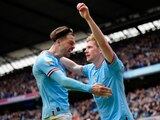 Kevin De Bruyne del Manchester City celebra con su compañero Jack Grealish tras anotar el segundo gol de su equipo en el encuentro ante el Liverpool en la Premier League el sábado primero de abril del 2023.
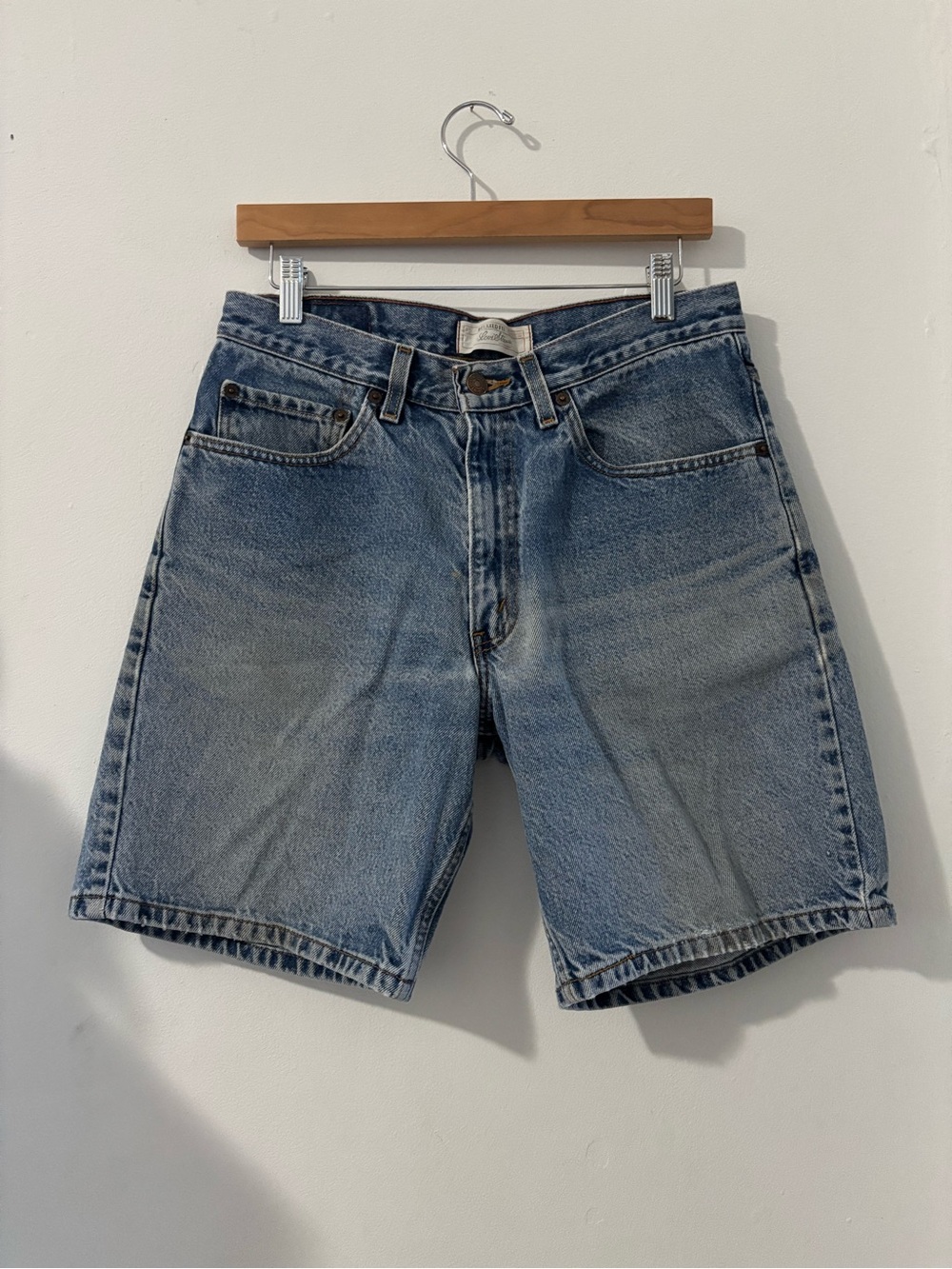 Vintage Levi's Relaxed Fit Light Blue Denim Shorts EUC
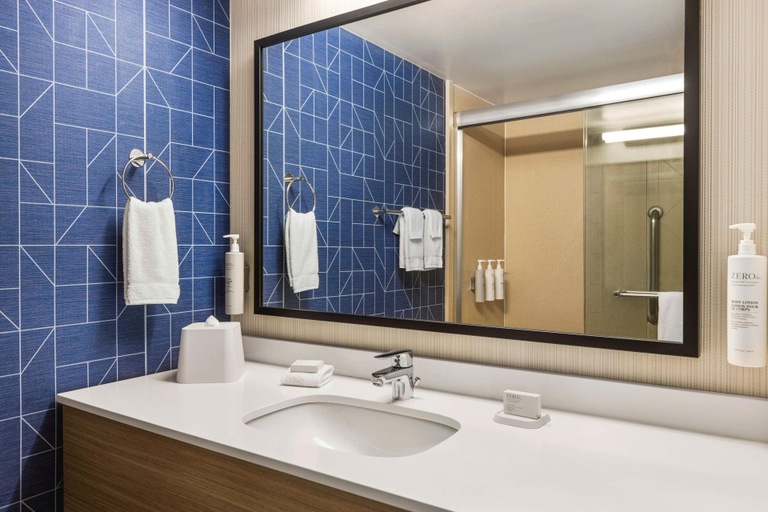 Bathroom 5, Spark by Hilton Germantown Washington DC North, Montgomery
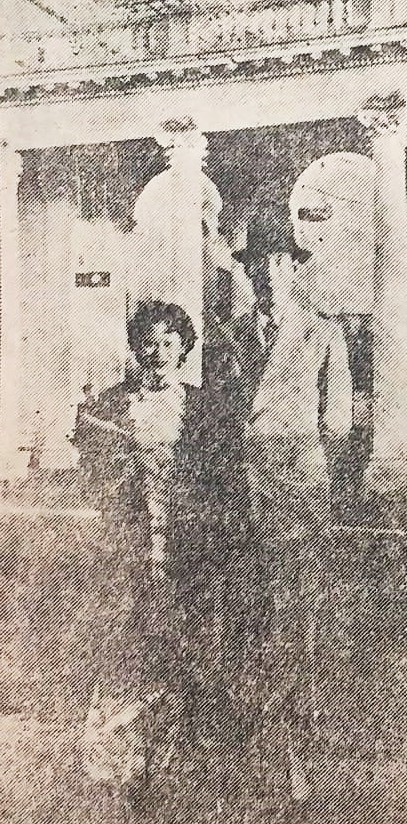 任護花夫婦攝於荷里活美高梅影片公司門外。撮自1937年12月19日《伶星》畫報。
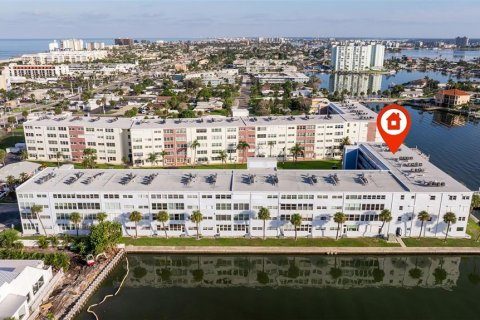 Copropriété à vendre à Saint Pete Beach, Floride: 2 chambres, 125.42 m2 № 1915041 - photo 16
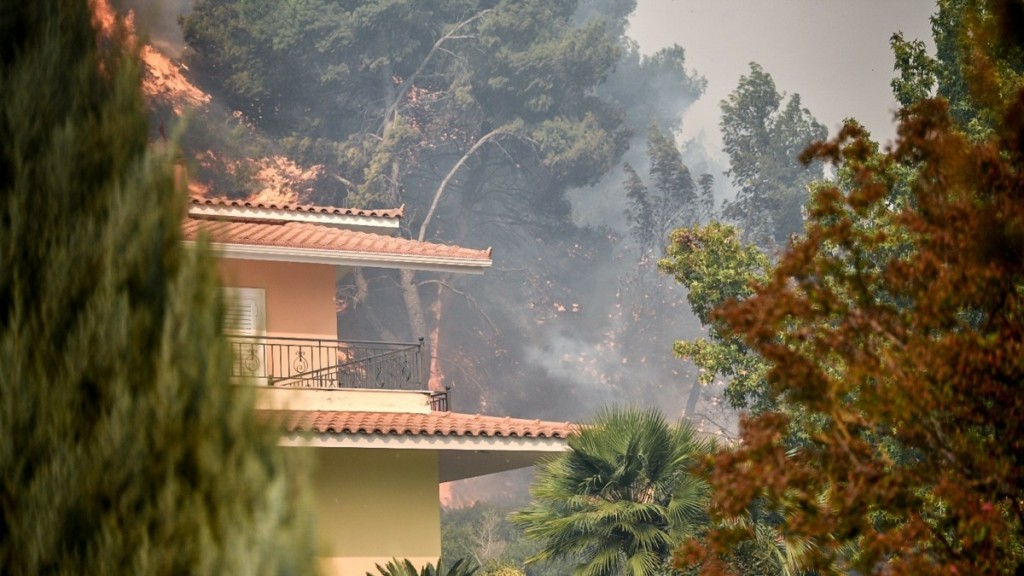 Φωτιά στην Ηλεία – Καίει ανεξέλεγκτη η πυρκαγιά στο Γεράκι – «Έχουν καεί σπίτια» λέει στο DEBATER ο δήμαρχος Ήλιδας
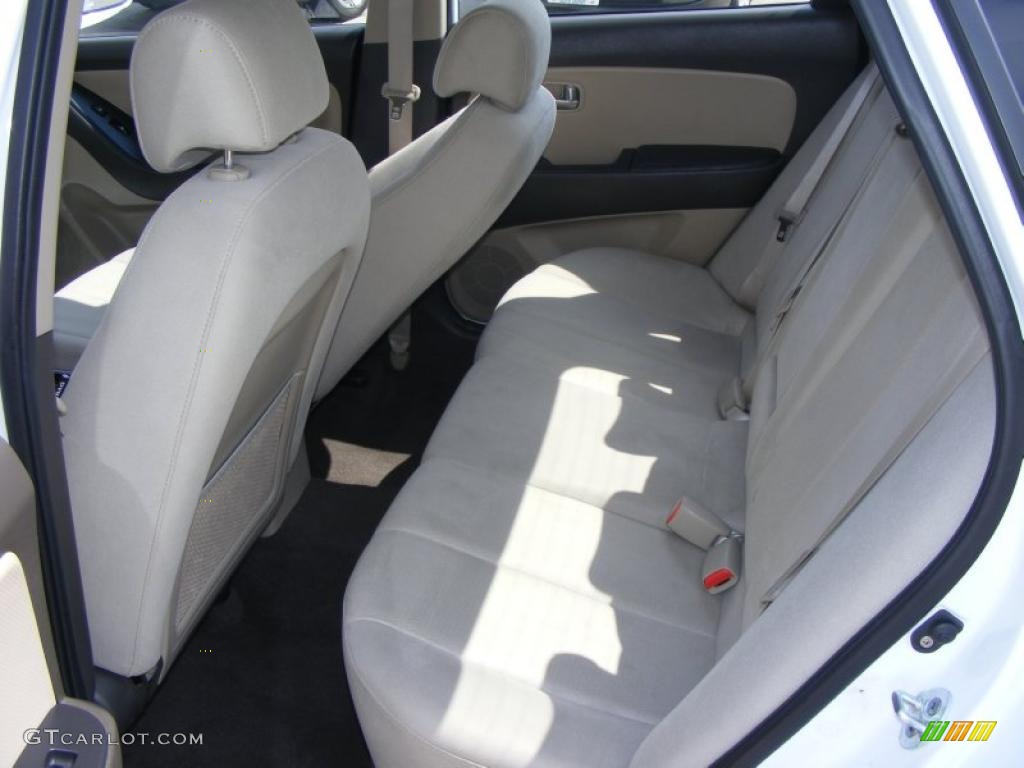2009 Elantra SE Sedan - Captiva White / Beige photo #11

■ To do
An exact reproduction of the material is needed, without its images.

■ Result
 Kevin De Bruyne del Manchester City celebra con su compañero Jack Grealish tras anotar el segundo gol de su equipo en el encuentro ante el Liverpool en la Premier League el sábado primero de abril del 2023.
 Vintage Levi's Relaxed Fit Light Blue Denim Shorts EUC
 Bathroom 5, Spark by Hilton Germantown Washington DC North, Montgomery
 任護花夫婦攝於荷里活美高梅影片公司門外。撮自1937年12月19日《伶星》畫報。
 Copropriété à vendre à Saint Pete Beach, Floride: 2 chambres, 125.42 m2 № 1915041 - photo 16
 Φωτιά στην Ηλεία – Καίει ανεξέλεγκτη η πυρκαγιά στο Γεράκι – «Έχουν καεί σπίτια» λέει στο DEBATER ο δήμαρχος Ήλιδας
2009 Elantra SE Sedan - Captiva White / Beige photo #11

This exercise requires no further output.